**Input material**

····················

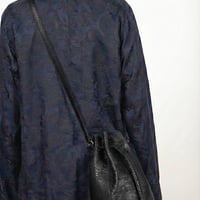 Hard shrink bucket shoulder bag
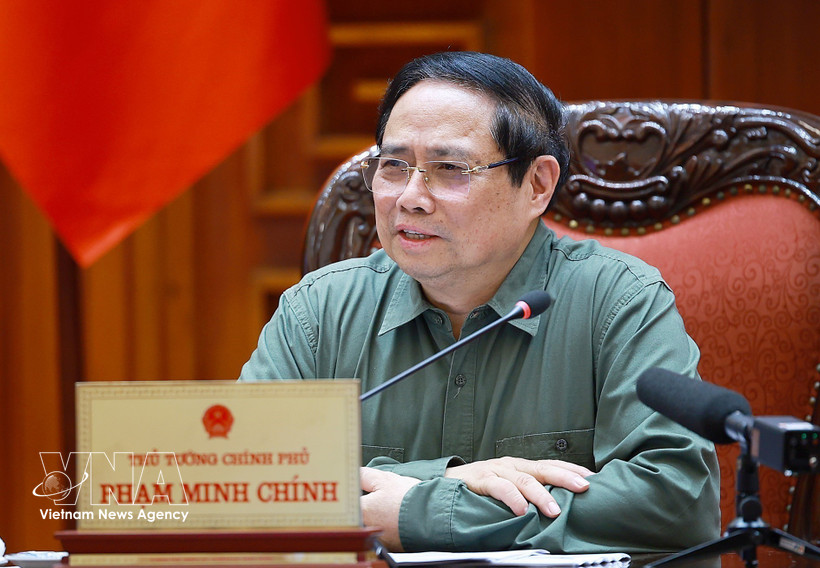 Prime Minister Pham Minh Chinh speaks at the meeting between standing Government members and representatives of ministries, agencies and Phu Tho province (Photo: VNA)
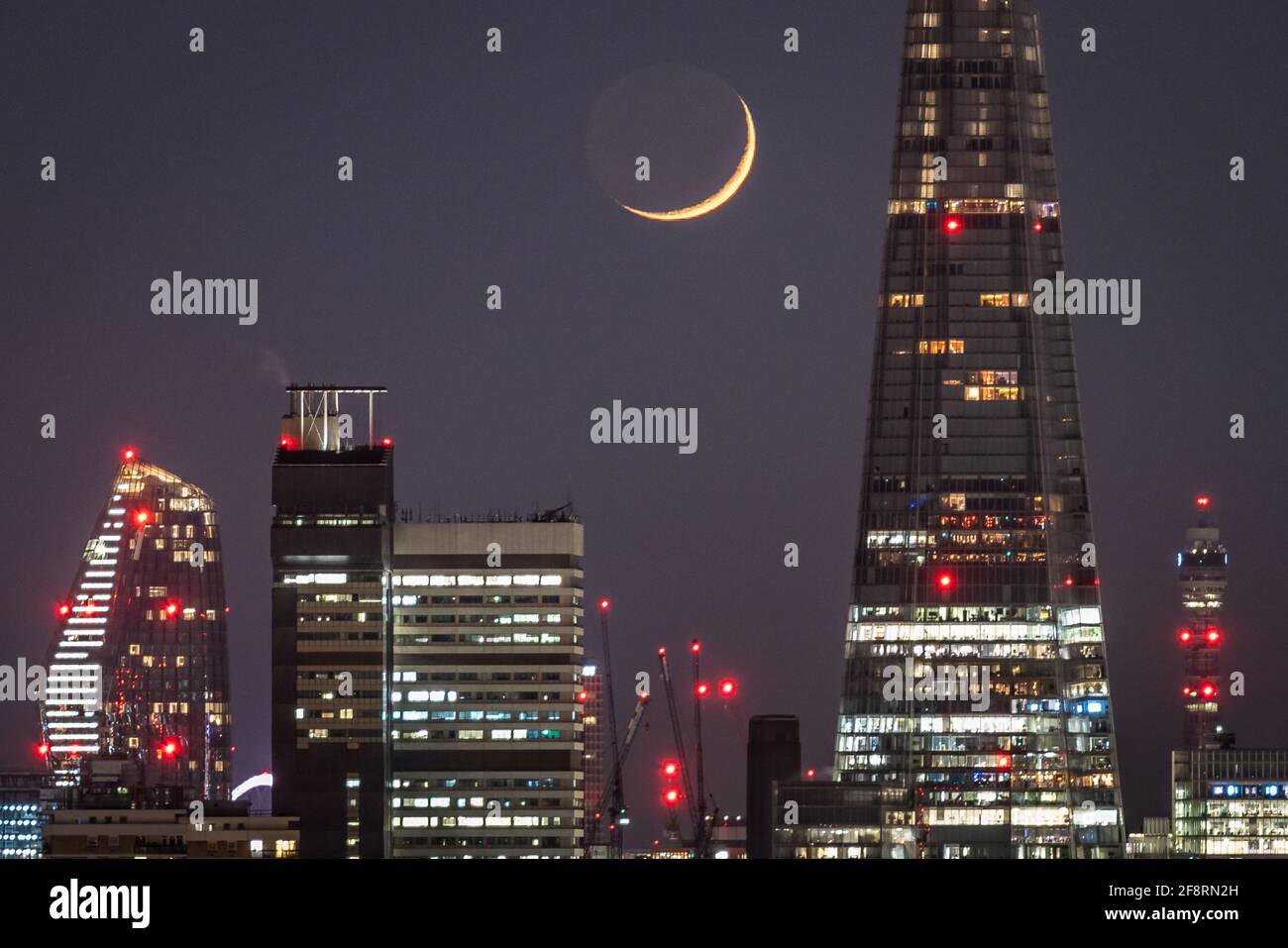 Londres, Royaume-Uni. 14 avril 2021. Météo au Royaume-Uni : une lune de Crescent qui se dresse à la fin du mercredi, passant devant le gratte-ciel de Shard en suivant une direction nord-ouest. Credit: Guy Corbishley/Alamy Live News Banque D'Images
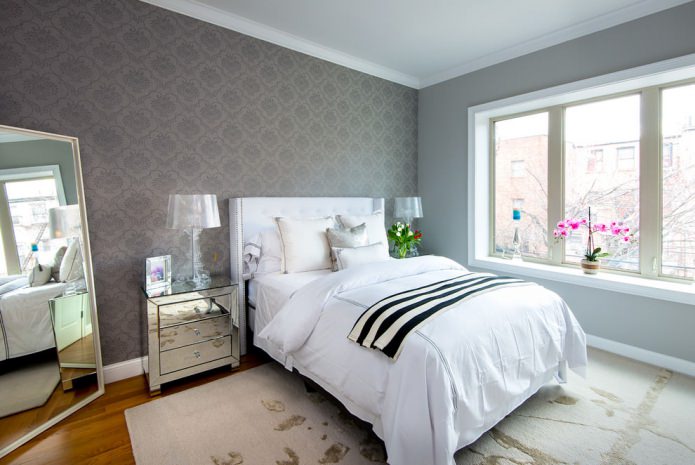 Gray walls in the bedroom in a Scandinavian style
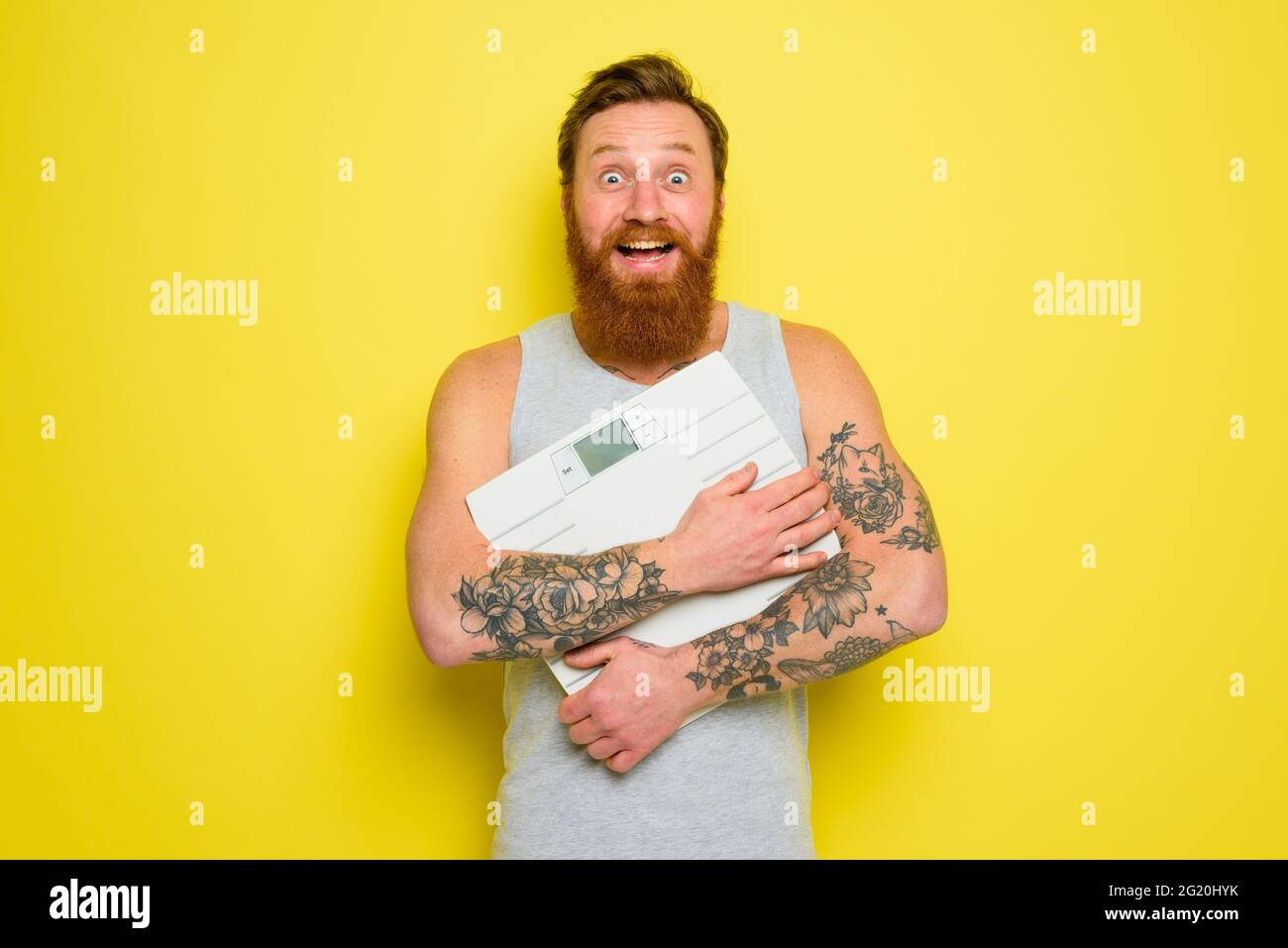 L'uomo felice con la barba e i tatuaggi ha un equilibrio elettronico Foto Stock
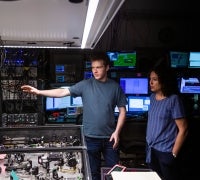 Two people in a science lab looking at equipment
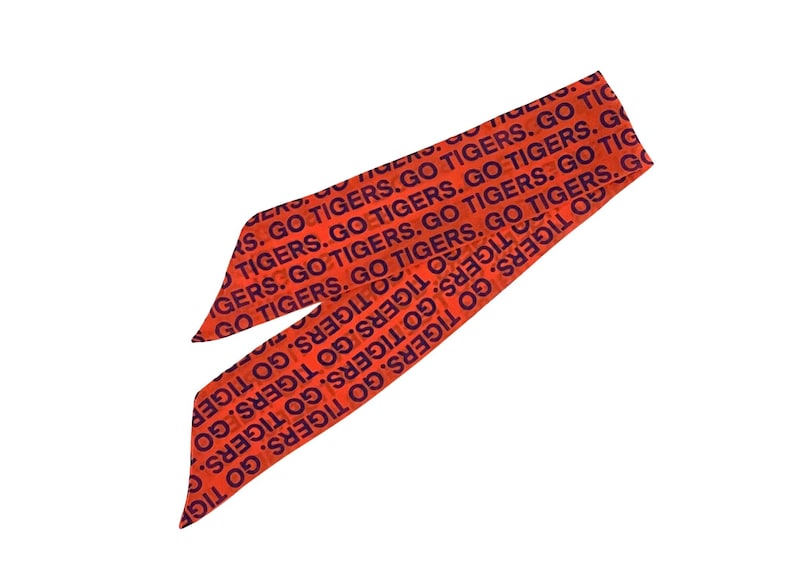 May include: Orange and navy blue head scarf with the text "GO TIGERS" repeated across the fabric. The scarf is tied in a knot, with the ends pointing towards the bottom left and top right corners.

····················

**What to work on**
For each record above, write out its text exactly and skip any picture.

**The completed task**
 Hard shrink bucket shoulder bag
 Prime Minister Pham Minh Chinh speaks at the meeting between standing Government members and representatives of ministries, agencies and Phu Tho province (Photo: VNA)
 Londres, Royaume-Uni. 14 avril 2021. Météo au Royaume-Uni : une lune de Crescent qui se dresse à la fin du mercredi, passant devant le gratte-ciel de Shard en suivant une direction nord-ouest. Credit: Guy Corbishley/Alamy Live News Banque D'Images
 Gray walls in the bedroom in a Scandinavian style
 L'uomo felice con la barba e i tatuaggi ha un equilibrio elettronico Foto Stock
 Two people in a science lab looking at equipment
 May include: Orange and navy blue head scarf with the text "GO TIGERS" repeated across the fabric. The scarf is tied in a knot, with the ends pointing towards the bottom left and top right corners.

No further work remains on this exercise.